Table 8. Results of borehole fitting degree calculation.

Stratum	VA-HDW
1	0.9179
2	0.9032
3	0.8763
4	0.9114
5	0.8476
6	0.9157
7	0.9181
Mean value	0.8986

.

4. Discussion

This paper proposes a stratigraphic classification method based on vertical alignment and horizontal distance weighting for stratigraphic spatial point classification. This approach fully exploits geological features, enhances the classification accuracy of stratigraphic spatial points, and provides a solid foundation for geological body modeling. Although the aforementioned research has achieved some phased successes, many areas still require in-depth study and exploration:

• Geological boreholes are not necessarily vertical. For instance, deviated wells are common in hydrocarbon reservoir exploration. To extend the VA-HDW method to deviated well scenarios, additional well trajectory information—such as well inclination angle and azimuth—must be incorporated. This requires transforming the original borehole coordinates to establish a consistent three-dimensional spatial reference system. Building upon this, integrating well trajectory correction with the proposed method and conducting experimental validation on inclined well datasets will serve as a key research direction for future work.
• This paper employs cross-section analysis and borehole fit metrics to compare modeling results.
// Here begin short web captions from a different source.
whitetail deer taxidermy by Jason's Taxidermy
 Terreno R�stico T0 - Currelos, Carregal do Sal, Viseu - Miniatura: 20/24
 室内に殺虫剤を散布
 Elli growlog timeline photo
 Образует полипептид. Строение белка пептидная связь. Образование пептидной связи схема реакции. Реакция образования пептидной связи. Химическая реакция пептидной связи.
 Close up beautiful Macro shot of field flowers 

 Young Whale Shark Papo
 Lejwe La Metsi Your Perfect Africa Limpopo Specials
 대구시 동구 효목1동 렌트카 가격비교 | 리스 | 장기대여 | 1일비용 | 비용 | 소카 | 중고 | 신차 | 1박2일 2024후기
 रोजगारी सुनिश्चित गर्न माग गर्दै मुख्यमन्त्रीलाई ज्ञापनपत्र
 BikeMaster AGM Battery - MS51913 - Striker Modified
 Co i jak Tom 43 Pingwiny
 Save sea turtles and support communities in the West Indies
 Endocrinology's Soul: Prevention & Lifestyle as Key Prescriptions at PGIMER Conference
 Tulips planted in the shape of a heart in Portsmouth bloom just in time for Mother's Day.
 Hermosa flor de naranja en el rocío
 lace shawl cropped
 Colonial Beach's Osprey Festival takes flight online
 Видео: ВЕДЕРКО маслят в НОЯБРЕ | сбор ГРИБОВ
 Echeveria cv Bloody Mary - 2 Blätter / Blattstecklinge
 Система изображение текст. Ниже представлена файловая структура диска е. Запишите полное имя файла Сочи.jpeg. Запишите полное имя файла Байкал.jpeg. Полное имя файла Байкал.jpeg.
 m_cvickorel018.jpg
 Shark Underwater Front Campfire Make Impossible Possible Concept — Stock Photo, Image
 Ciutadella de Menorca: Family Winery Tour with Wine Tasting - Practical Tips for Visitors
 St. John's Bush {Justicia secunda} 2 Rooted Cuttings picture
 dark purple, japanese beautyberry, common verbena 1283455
Additional metrics should be considered to evaluate modeling outcomes from diverse perspectives. For instance, establishing geological probability models for each 3D geological body model or utilizing information entropy could assess each 3D geological model from an uncertainty standpoint, thereby validating the feasibility of the modeling approach.

5. Conclusions

This paper focuses on 3D geological modeling methods for borehole data; aiming at issues such as low classification accuracy and difficulties in identifying geological data features in machine learning-based 3D geological modeling of borehole data, it studies the classification methods of stratum spatial points, and by constructing key geological features and measuring the influence degree between stratum spatial points and boreholes, the classification effect of stratum spatial points is improved. This paper proposes a stratum classification method based on VA-HDW, which constructs features between stratum spatial points and boreholes, contributing to the effective expression of geological features, and based on this method, a neural network structure is designed; through training this network, the accuracy and reliability of stratum classification are enhanced, and the quality of 3D geological body modeling is improved. Experimental verification shows that the method proposed in this paper can enhance the classification effect of stratum spatial points and improve the quality of 3D geological body modeling.